There seemed to be a feeling that the brief exercise led by Aoife Mannix achieved two main things. Firstly it was accessible, relaxed, enabled people to have their say. Secondly it to some extent worked as a warm up, diffusing mindsets, opening up thoughts, which could then lead to quite remarkable and personal responses to the question ‘what does home mean to you?’ that might not have been accessed if the question had been asked cold. I found this really interesting, that we might use creative processes to open a path to finding more accurate and intimate responses to important questions.


Here’s one of the communal pieces of writing we created with Aoife:

Candyfloss

Earl Grey, because I’m worth it

The smell of your skin on an autumn evening

Would you like to come for dinner?

Birdsong and Gravel

Home-full and home-less.

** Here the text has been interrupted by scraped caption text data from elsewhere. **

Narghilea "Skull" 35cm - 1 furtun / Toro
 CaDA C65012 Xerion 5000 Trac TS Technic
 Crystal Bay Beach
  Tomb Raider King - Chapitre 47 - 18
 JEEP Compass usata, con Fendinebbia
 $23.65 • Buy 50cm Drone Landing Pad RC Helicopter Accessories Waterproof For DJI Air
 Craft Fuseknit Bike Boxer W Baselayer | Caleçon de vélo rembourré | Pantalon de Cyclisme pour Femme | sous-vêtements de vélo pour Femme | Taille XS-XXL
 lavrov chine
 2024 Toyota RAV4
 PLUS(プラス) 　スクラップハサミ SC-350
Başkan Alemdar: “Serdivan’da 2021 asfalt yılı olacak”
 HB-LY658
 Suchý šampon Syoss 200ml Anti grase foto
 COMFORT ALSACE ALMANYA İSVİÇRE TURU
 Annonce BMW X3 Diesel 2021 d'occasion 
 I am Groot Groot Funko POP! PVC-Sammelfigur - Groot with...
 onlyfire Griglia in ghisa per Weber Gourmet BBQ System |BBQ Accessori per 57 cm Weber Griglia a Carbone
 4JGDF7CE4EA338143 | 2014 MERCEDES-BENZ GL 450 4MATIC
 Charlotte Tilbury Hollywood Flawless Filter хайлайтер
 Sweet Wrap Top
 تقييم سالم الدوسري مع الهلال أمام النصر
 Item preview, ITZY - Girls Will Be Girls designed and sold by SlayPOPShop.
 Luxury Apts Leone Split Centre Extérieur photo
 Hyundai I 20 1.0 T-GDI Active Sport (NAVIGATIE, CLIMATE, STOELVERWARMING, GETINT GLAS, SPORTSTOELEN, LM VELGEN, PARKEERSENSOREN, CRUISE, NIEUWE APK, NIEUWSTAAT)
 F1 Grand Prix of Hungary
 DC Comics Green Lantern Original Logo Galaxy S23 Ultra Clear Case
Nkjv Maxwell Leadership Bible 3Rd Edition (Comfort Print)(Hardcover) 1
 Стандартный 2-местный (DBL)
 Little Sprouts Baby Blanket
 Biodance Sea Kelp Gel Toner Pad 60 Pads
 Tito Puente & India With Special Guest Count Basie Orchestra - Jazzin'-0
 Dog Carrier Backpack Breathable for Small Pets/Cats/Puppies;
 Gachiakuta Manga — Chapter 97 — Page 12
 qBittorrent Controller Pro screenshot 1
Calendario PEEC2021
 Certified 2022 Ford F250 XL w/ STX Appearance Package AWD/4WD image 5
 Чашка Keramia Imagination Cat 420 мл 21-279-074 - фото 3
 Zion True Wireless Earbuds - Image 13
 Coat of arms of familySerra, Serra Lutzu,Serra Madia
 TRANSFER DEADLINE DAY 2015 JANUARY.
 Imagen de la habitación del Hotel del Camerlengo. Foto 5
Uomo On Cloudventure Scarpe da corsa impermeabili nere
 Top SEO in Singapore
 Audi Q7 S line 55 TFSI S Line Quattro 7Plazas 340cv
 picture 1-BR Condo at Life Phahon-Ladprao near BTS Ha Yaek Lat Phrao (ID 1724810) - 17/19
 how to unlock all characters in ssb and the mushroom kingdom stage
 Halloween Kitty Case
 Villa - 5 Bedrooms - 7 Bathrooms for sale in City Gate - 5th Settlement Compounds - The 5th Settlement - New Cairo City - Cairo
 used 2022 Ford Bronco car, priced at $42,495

So blessed and so confused by having two homes separated by sea. Home is love, but loves are split too. Home is somewhere between my father’s and my husband’s arms.


A bit of politics:

Someone raised the interesting issue of how creative writing might take a role in critiquing and challenging the bureaucracy and politics of regeneration. How might that work? And how might that be funded? We circled that question too – how does who’s paying affect what we do? Might we end up doling out propaganda rather than opening up genuine debate?

We touched too on the ethics of what happens afterwards, who takes responsibility for the listening that is needed if consultation is to work.


What’s important?


~ Doing with not doing to

~ Not going into the process with an idea of what the answer should be

What’s needed?

~ Really robust case studies that can be used to convince (maybe reluctant) organisations to engage with this method of working

~ Effective communication - people won't work in this wayif they don't know about it

I’m interested in this idea of case studies, perhaps in trying to get a project off the ground that sets out to consult in this way and explore and document the possibilities. And then the communication of that knowledge and experience comes second, giving people the confidence and skills to find their own ways of engaging with creative writing and consultation.

Monday 1 December 2008

Professional Development and Support

UrbanWords is looking to develop a programme of professional development and support in the field of writing and regeneration. In order to plan an appropriate and useful programme, we are asking a broad range of professionals interested in this area about their training and support needs and ideas.